I have been using the jam detection feature in the firmware and this seems to work quite well. What is not working so well is the speed slowdown feature. This may work for some situations but is no good in others. In my case keeping the speed the same and slowing down the flow rate would be a much better option. I make large complex prints that can take up to 2 weeks to print(printing 24/7). There are numerous overhangs during the printing. If an overhang starts warping upwards and thus putting  pressure on the nozzle and this in turn causes  slipping, the system works and the speed slows down.

But slowing the speed down only reduces the filament flow proportionally and so does not really stop the possibility of the filament drive gear chewing out the filament. You have to slow the speed significantly to try to stop the filament from being chewed out. 
An overhang may only occur on a small part of a layer and only on a certain number of layers. But my printing speed is now reduced for layer after layer(unless I'm constantly checking), thus significantly increasing  printing time. 3D printing is such a slow process anyway, anything that slows down printing time is the last  thing you want. I use Repetier informer which is great, it tells me when there is a jam but unfortunately it doesn't tell me when the speed has been slowed.

So my question is, is it possible to have an option in the jam detection section of the firmware to slow down flow rate and not speed when there is certain amount of slippage? I realise this would also mean the firmware would have to detect when the slippage was reduced to say 5-10% and then increase the flow rate back to 100% otherwise flow would be reduced for normal parts of the layer. If the firmware is already monitoring slippage this should not be hard to implement should it? 

Thanks

Comments

  • Interesting case. There are in deed several reasons why slip occurs. Also on first layer you can easily get slippage from over extrusion if you are too close. Other reason is just not enough power so you really need to slow down print to come up. So both cases can happen and in a perfect world it would only be speed reduction.

    Reducing flow instead of speed is not hard as you just call the flow adjust instead of speed adjust and continue. But if i remember right it will not go back to 100% so that is not what you want.

    What you might do is use the event system and set continuously flow rate to computed slippage. I'm quite sure that will result in a bad quality for 2 reasons:
    1. It only affects new moves so it always lags current slippage.
    2. Measurement of slippage is imprecise.
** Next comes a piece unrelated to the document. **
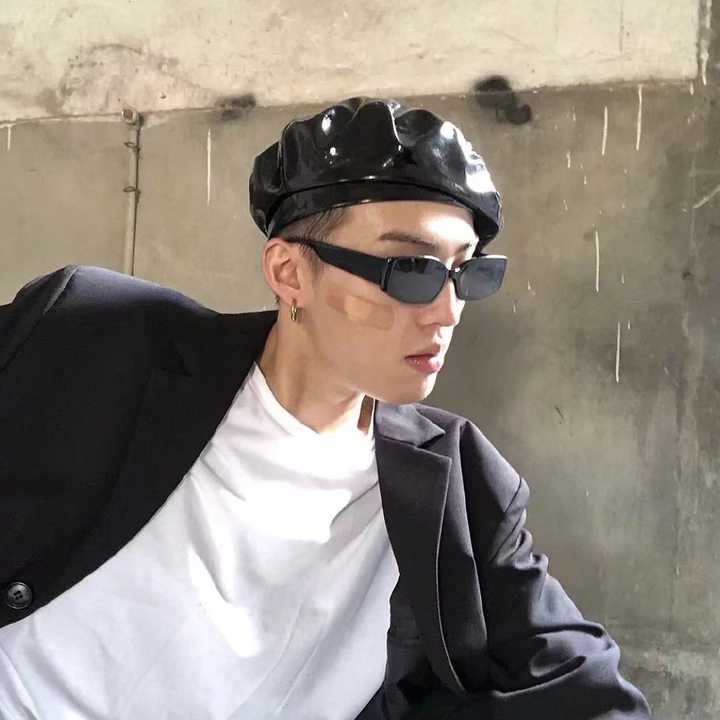 请问有什么可以拿来当微信qq头像的欧美男生头像?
If I test this it writes different values, which is why I need a threshold.
    3. Depends also on number of measurement points of jam detector.

    So if we assume a precise detector with precision better then 10% we could make 10% steps so in normal print we get 100% flow. That would improve quality a good way. Only if you come from a problematic part into a good part that beginning will be too thin and eventually start getting thick when you reach the problematic region again.
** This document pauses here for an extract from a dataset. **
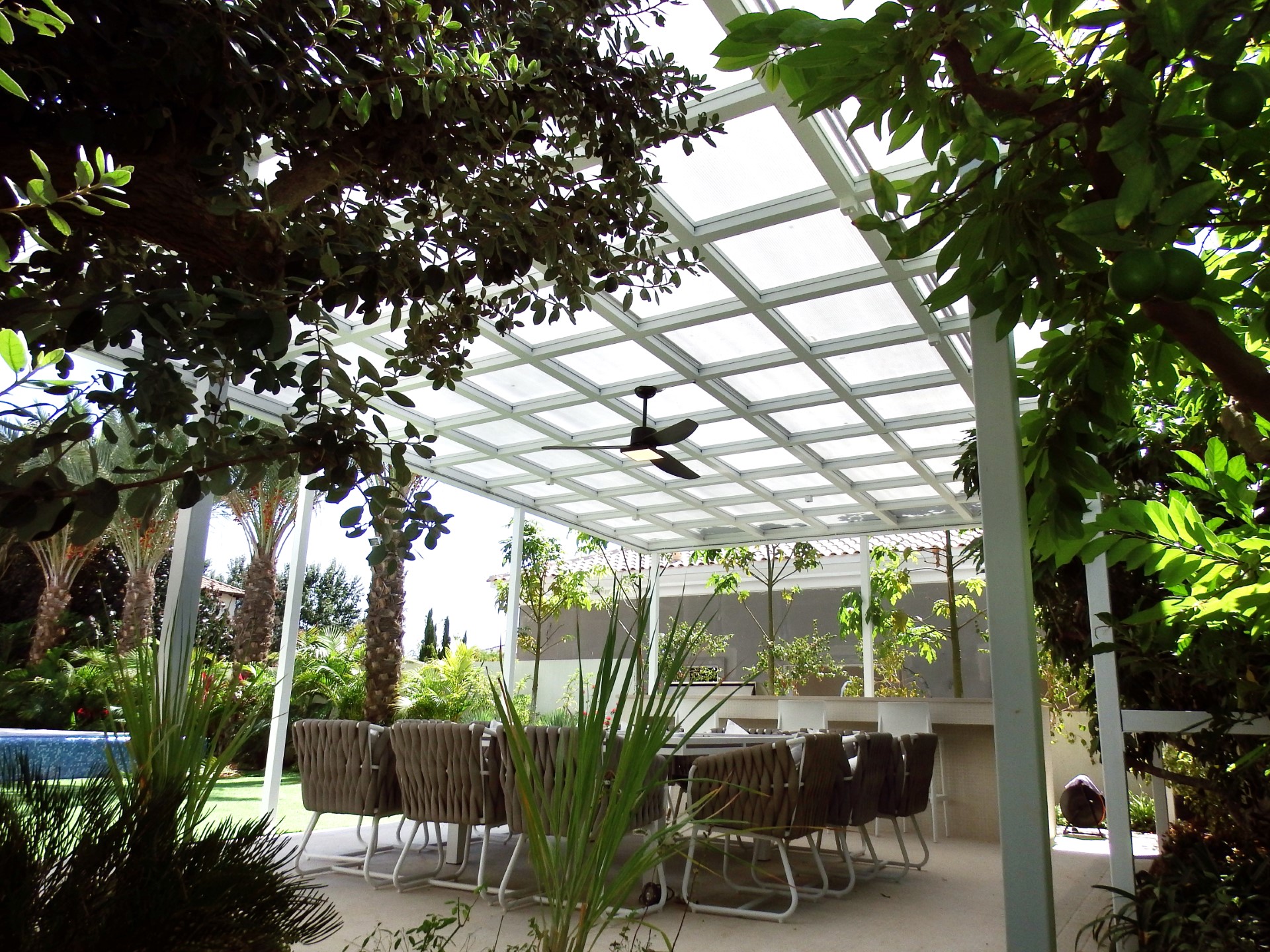 פרגולה דגם קוביות פתוחה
    I hope you see the problem of lag. Time to get new jam lag and then more time till changes take effect.

    I think this would require extruder handling like with advance so we can add or omit extruder steps based on current slippage. That would reduce the buffering moves delay which can be anything from 0.1s to 10s delay.

    Also I think we should then have a average slippage computed so it does not change dramatically from a single bad measurement. 

    Need to make some tests with my printer to see if that might work also I print with PLA so not have that problem especially not having such long prints where it gets noticeable.
  • Thanks for looking into this for me.

    Based on your comments about lag maybe a solution would be to continue slowing the speed when there is slippage. As I said this does work if the speed is reduced enough. Then all the firmware needs to do reset the speed back to 100% when it detects slippage has been reduced. It then doesn't matter if there is some lag because you will always have the correct amount of filament flow. As one layer can take up 20 - 30 minutes to complete a few seconds lag will not make any difference to the time. Sure overall print time will be increased but not nearly as bad as having the slow speed layer after layer.

    If this could be implemented it would make a huge difference to print times.

    Thanks again 
  • That is really complicated. At some point we also have to say filament is out, which is in my case the main reason for jam detection. It is what is happening in 95% of detected cases for me.

    I have to think about this as it is a non trivial change that can give me lots of trouble and support questions.